Ted Williams' perfect swing was a product of hard work, HBO reveals.
The day after the All-Star Game, Major League Baseball’s annual celebration of the game, HBO is unveiling “Ted Williams,” an unvarnished look at arguably the game’s greatest hitter. It shows Williams as a complex man whose skills at the plate couldn’t compensate for his troubled relationships with his parents, wives, children, the media and fans.
Seventy years after Williams broke into the game as a rookie with the Red Sox, and more than six decades after he hit .406, baseball is still looking for a hitter who can match his splendor. Good luck finding one.
One of the most striking things the show reveals was how much respect for the game Williams had. The documentary, which airs on HBO at 9:30 p.m. tonight, shows how Williams broke down hitting to a science, which helped him to groove his swing. He walked 147 times and struck out just 27 times in 1941. It was a timeless and enduring swing. Williams batted .388 in 1957 at age 39.
Williams set out to be the best hitter ever, and he accomplished that, and hit 521 home runs despite giving up five years of his prime to fight in World War II and Korea. After batting .406 in 1941 and during his Triple Crown-winning season of 1942, Williams joined the Navy as a fighter pilot. He had been classified 3-A, because he was the sole support of his mother, but he decided to join the service anyway. He spent three years as a flight instructor, never seeing combat.
When Williams returned to the Red Sox in 1946, he was a changed man. He wasn’t so combative with the fans or the media. That same year he went to his one and only World Series. The documentary makes a point to highlight that Joe DiMaggio, Williams’ rival with the Yankees, won nine championships. That was one area in which DiMaggio outshined Williams.
Williams is the last major leaguer to hit .400. It is a feat that has stood since 1941. Tony Gwynn was the last to come close, batting .394 in the lockout-shortened season of 1994. Before that, George Brett batted .390 in 1980. Williams’ accomplishment, along with DiMaggio’s 56-game hitting streak, are probably untouchable. Times have changed in baseball since the days that Williams and DiMaggio, baseball rivals, played the game.
Pitchers are consistently throwing in the mid-90s now. Plus there are specialized pitchers, so a batter is likely to see a few different ones during a game.
Even if a guy could stay healthy, and overcome the various in-game pitching changes, outside pressures would be too much. The money, steroid suspicions and the 24-hour sports/news cycle would be crushing obstacles for a modern-day player.

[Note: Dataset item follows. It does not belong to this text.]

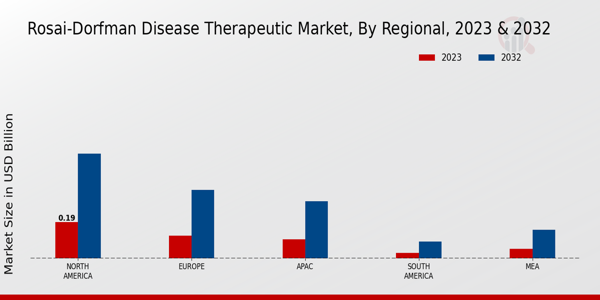 Rosai-Dorfman Disease Therapeutic Market Regional Insights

The Steroid Era has changed the perception of the players. Williams operated outside of that suspicion.
Williams also demonstrates the difference between the players today and yesterday. In his final season he was offered a contract for $125,000. He turned it down and asked that the amount be lowered to $90,000 because he didn’t feel like he had played up to his standards the year before.

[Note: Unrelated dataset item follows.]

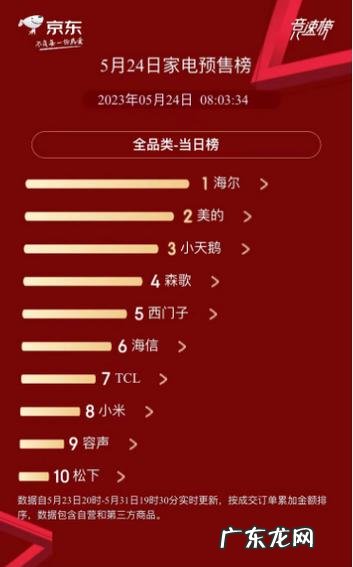 京东平台索引有哪些,京东平台搜索关键词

The documentary showed the aged Williams return to the All-Star Game in 1999 while being surrounded by that year’s players. He asked Mark McGwire if he smelled wood burning when he hit the ball. It was a touching moment as the players gathered around an infirm Williams to shake his hand and be in his presence, treating him like the baseball royalty he was.
Unfortunately, a lot of people don’t associate Williams with being the greatest hitter the sport has ever known. They associate him with being cryogenically frozen. His son, John Henry Williams, fought to have his father placed in biostasis after producing a handwritten piece of paper signed by Williams to that effect. It went counter to Williams’ will that stated he wanted to be cremated.
The documentary shows the personal wreckage that was left in the wake of Williams becoming baseball’s greatest hitter. It also highlights the sad truth that the game will never see another hitter that comes close to Williams.